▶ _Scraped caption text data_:
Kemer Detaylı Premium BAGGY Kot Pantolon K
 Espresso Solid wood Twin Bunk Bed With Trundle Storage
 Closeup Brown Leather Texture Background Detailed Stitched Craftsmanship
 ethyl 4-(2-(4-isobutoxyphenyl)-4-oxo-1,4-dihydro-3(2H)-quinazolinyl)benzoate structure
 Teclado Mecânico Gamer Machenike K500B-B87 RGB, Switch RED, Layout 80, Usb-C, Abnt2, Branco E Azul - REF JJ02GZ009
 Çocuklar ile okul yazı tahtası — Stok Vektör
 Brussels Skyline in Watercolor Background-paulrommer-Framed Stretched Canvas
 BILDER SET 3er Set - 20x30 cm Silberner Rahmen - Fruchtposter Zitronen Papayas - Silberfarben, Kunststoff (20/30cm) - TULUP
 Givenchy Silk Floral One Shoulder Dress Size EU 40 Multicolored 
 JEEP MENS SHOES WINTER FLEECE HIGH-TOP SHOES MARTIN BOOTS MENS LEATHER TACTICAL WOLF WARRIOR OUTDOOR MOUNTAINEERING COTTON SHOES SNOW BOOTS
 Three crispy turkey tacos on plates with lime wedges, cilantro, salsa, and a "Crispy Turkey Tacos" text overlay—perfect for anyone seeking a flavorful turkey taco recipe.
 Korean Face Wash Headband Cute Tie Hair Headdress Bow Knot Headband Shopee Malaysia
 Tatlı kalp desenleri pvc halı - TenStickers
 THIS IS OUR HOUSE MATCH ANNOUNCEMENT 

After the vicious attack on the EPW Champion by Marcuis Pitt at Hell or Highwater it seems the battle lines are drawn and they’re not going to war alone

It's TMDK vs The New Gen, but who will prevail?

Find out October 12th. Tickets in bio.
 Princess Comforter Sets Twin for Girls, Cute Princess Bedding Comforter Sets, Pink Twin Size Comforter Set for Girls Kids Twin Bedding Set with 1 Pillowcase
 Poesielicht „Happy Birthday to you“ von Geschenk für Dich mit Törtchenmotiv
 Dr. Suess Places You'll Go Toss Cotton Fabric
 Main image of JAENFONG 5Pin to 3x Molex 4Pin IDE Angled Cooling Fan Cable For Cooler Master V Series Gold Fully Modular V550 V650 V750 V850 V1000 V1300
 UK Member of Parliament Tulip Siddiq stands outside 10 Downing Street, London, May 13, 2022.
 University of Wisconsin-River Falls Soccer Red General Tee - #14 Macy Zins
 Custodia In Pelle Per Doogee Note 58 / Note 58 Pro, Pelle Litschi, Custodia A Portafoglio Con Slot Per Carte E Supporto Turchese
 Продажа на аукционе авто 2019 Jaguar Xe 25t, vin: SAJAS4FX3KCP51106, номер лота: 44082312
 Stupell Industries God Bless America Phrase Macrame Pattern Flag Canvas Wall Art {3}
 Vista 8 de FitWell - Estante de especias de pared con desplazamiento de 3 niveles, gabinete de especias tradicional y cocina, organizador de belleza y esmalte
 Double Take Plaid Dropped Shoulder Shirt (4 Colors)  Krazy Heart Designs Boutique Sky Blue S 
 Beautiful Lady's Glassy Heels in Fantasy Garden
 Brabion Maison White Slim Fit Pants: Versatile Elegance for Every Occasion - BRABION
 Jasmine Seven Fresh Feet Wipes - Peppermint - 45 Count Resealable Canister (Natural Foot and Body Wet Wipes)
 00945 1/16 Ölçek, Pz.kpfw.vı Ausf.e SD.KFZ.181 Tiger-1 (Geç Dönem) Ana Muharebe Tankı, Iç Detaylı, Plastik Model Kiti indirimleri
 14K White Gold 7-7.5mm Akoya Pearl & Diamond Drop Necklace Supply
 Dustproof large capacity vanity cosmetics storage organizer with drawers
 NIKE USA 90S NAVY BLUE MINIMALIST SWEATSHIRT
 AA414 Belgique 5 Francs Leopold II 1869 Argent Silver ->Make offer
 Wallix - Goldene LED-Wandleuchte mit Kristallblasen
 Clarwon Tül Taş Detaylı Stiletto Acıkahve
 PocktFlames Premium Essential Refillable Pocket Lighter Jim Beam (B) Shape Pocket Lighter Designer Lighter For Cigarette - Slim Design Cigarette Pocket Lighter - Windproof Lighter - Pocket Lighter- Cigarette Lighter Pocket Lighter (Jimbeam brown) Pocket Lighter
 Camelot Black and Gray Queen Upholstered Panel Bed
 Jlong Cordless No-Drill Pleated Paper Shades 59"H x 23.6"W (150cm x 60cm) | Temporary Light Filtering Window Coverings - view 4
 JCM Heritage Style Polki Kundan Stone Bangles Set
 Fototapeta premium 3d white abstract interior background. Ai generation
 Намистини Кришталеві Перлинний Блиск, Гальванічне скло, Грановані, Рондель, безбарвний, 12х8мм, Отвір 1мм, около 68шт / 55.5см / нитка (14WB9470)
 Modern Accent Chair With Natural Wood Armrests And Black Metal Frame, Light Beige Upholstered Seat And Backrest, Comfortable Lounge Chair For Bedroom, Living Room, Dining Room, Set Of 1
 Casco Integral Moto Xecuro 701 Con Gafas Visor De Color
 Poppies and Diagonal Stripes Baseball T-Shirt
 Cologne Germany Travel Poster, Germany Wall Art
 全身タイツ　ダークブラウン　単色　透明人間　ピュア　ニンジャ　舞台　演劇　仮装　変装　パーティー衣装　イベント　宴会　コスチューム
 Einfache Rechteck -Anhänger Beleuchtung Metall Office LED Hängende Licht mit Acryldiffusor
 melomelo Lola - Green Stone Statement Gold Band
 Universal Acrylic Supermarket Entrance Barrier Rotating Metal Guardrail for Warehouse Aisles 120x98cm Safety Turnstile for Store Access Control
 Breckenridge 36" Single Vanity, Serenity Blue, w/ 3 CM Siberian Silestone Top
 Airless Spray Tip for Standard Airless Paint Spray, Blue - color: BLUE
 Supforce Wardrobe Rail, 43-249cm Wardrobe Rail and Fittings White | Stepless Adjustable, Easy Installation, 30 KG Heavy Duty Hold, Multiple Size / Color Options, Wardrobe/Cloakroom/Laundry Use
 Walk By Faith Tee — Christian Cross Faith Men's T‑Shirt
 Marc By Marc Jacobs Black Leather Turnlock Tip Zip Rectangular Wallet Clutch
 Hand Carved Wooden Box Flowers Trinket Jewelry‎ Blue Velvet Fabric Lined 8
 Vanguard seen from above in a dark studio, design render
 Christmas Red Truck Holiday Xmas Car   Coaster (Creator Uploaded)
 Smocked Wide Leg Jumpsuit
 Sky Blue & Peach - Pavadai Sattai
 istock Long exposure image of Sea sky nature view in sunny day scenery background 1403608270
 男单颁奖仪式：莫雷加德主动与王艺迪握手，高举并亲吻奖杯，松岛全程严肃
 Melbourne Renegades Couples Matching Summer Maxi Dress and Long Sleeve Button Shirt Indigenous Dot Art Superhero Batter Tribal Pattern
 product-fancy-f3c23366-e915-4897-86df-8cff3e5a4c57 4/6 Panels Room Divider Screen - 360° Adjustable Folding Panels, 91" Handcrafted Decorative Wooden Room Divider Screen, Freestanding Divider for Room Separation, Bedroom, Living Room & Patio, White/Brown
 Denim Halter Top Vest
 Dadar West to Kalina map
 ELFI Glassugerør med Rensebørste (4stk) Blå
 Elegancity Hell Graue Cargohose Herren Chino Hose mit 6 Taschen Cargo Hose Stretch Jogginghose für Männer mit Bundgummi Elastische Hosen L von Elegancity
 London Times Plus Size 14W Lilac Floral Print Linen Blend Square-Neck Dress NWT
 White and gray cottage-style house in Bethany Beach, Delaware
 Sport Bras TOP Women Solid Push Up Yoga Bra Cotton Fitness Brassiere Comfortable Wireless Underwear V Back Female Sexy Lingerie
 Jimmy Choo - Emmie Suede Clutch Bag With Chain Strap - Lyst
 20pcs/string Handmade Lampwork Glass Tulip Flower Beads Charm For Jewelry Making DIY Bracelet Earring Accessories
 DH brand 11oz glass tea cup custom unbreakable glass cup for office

▶ _Work instructions_:
From the records above, copy each line that contains the word "Clutch".

▶ _Answer for the task_:
 Marc By Marc Jacobs Black Leather Turnlock Tip Zip Rectangular Wallet Clutch
 Jimmy Choo - Emmie Suede Clutch Bag With Chain Strap - Lyst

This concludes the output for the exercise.